Aside from the rebels' ability to wage an indefinite guerrilla war from the mountains, no one expects civic restoration to be easy. Many towns were severely damaged in the previous campaign. The destruction inflicted during the current operation is even worse. Grozny was so battered by relentless airstrikes that sections are merely rubble. The Army has been blowing up the few remaining structures to prevent them being used as sniper hideouts. Russian officials, wanting to wipe out this symbol of resistance, have said they may relocate the capital instead of rebuilding it.

The Moscow government, which has not explained the eventual civilian rule it envisages for Chechnya, has not specified what it plans to do with the nearly quarter of a million displaced Chechens.

Add to this morass the breakdown of civil society after the first war: Oil installations were attacked, industries closed, and kidnappings became commonplace. The lawlessness caused disillusionment among Chechens with the government of Chechen President Aslan Maskhadov. "It was complete anarchy after [Russian troops left in] 1996. People were struggling to eat," says Abdul Magomedov, an unemployed young man ambling aimlessly through a central square with several friends.

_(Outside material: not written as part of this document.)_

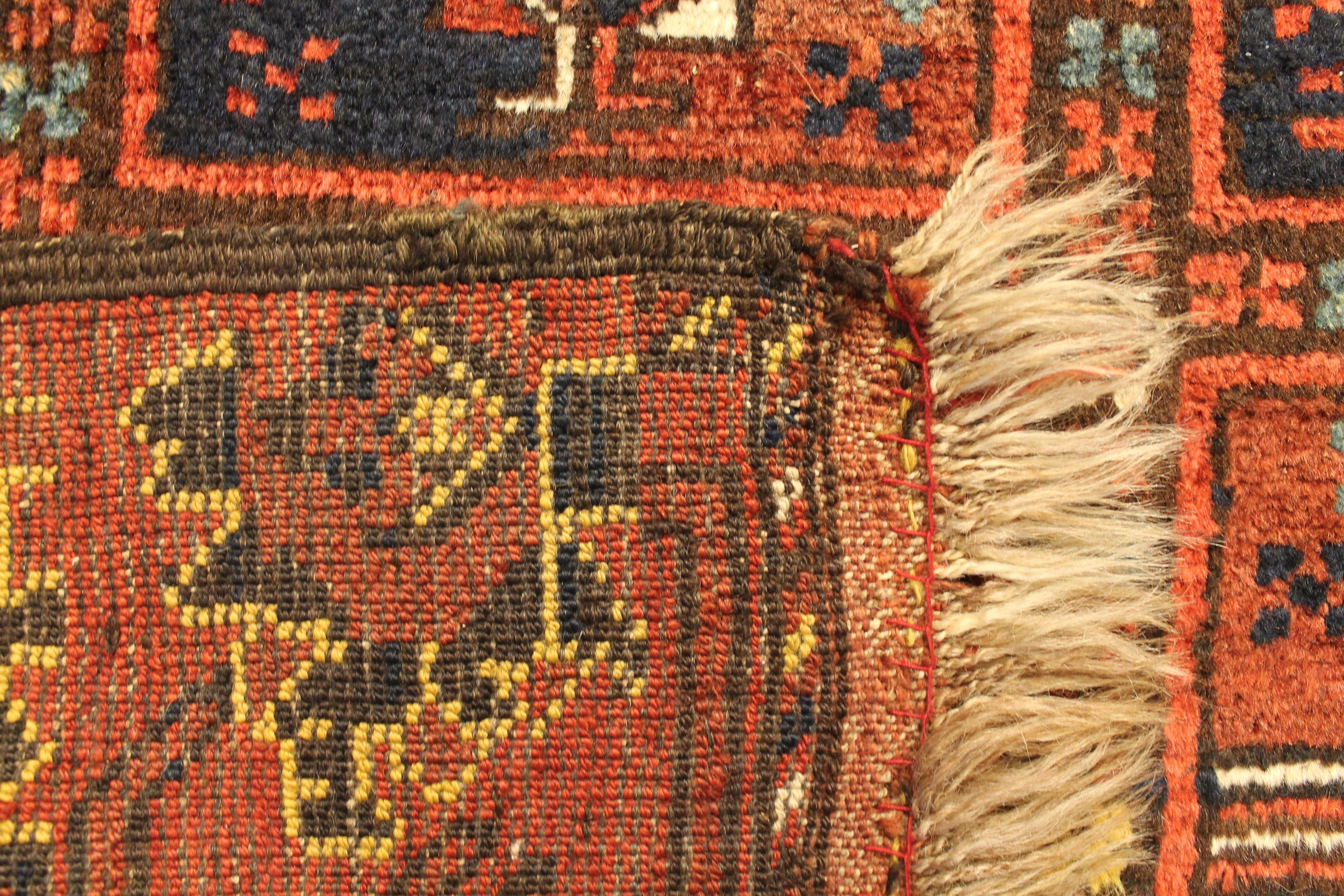 Antique Bashiri rug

But, he adds, "We still don't have work. We don't need [Acting President Vladimir] Putin. We have our own president."

Mr. Putin said two weeks ago that some $1.6 million had been spent on economic restoration in Chechnya and an additional $64.4 million would be allocated. Far too little, according to most economists. Even Putin's special envoy in Chechnya, Nikolai Koshman, has said that at least 11 billion rubles ($384 million) would be needed for reconstruction.

And the sum does not take into account the human factor, something that the police and Interior Ministry troops moving in to restore peacetime order may be ill-equipped to handle. Chechens have been chafing at Moscow's central rule for more than 150 years. Not even mass deportation by former Soviet leader Joseph Stalin quelled their desire for independence.

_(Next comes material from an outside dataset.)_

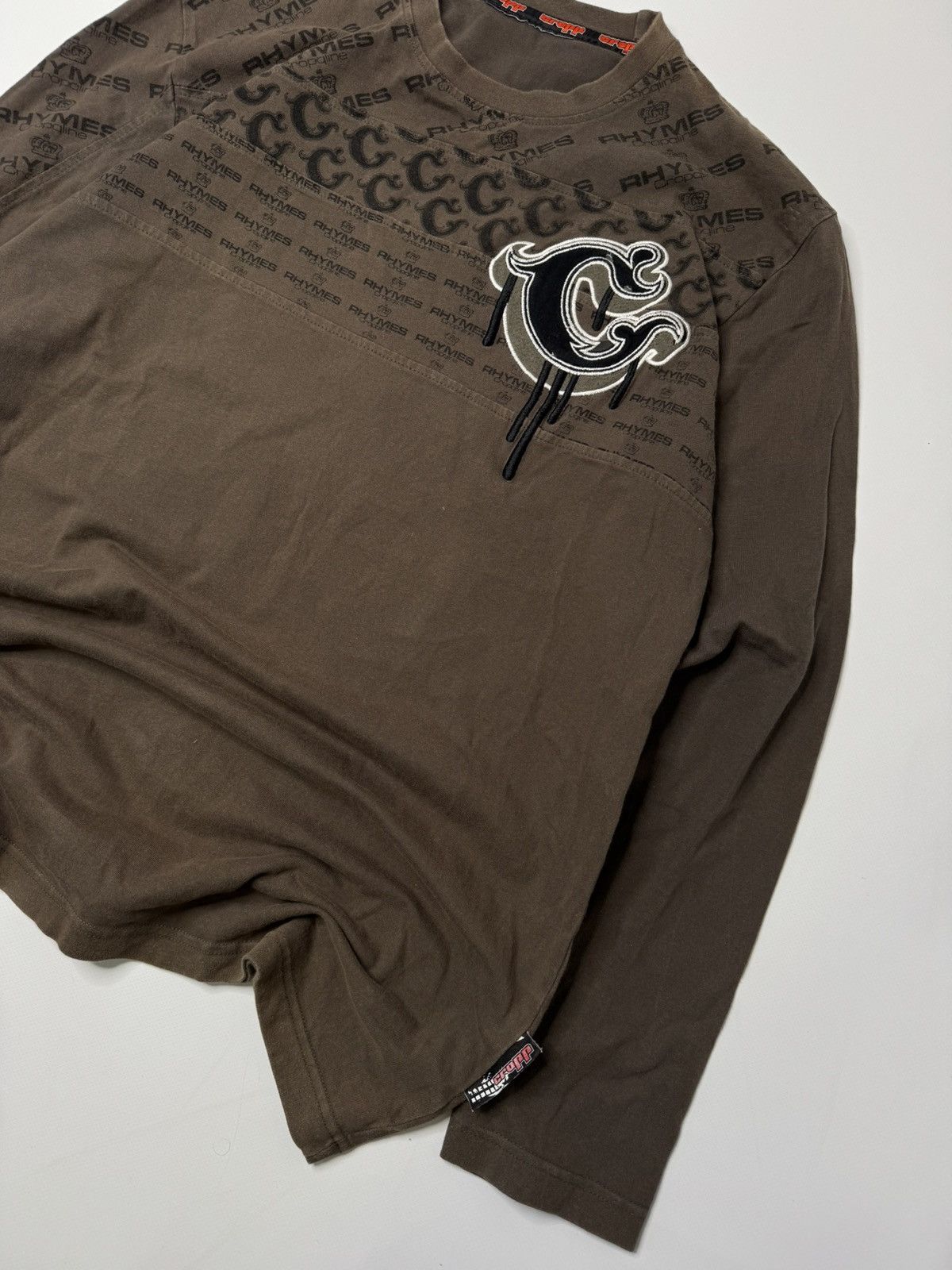 Rap Tees Vintage avant garde rap hip-hop swag longsleeve if6was9 lgb Size US L / EU 52-54 / 3 - 4 Thumbnail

Even though many residents of this town told Islamic-separatist rebels to leave and welcomed the Russians, some have grown resentful of their treatment. Shortly after arriving, soldiers went from house to house seizing everything from bread to furniture. They estranged more townspeople by rounding up men as suspected militants and demanding bribes to free them.

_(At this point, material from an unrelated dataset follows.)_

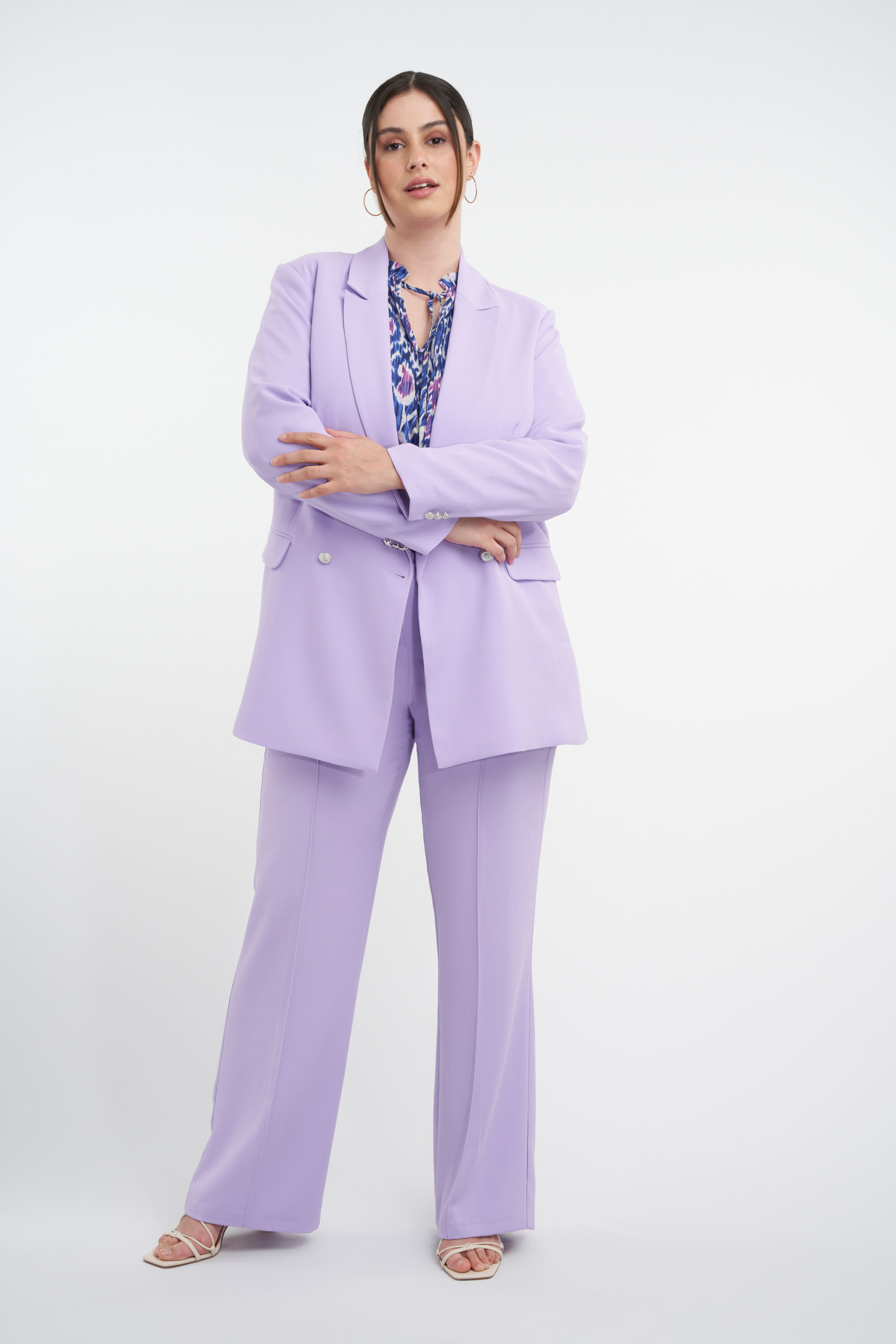 Double-breasted blazer image number 5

Col. Sergei Mikhailov, deputy military commander of this area, concedes all is not perfect. But he denies that federal forces are resented as occupiers. "There are many problems, but at least there's no shooting. We need to keep enough military forces here to maintain law and order. The people don't want us to leave," he says. "The last war we fought the whole time. This time we're rebuilding."

Attempts to set up a new local militia have met with little success. So far, only one Chechen has been recruited. And in this village, authorities appear to be concentrating on improving life for the 9,000 legal residents, not the dozens of displaced. Viktor Tuituinnikov, head of the Interior Ministry operation here, says, "They are not refugees per se because they are staying with relatives. So they haven't been helped."

Timur Muzayev of Moscow's Panorama Foundation, an independent think tank, forsees a backlash if the new rulers don't get it right. "Chechens are irritated by the violence of occupational forces. If the punitive attitude of federal troops continues, it will spark a wave of resistance organized, not by the separatists, but by ordinary Chechens."

Perhaps authorities would do well to listen to schoolteacher Galina Ilenovzaeva, a Russian who is married to a Chechen. She believes the town would have a brighter future if the federals let locals play a bigger role in running their own affairs. "You know your neighbors," she says. "It's easier to deal with them."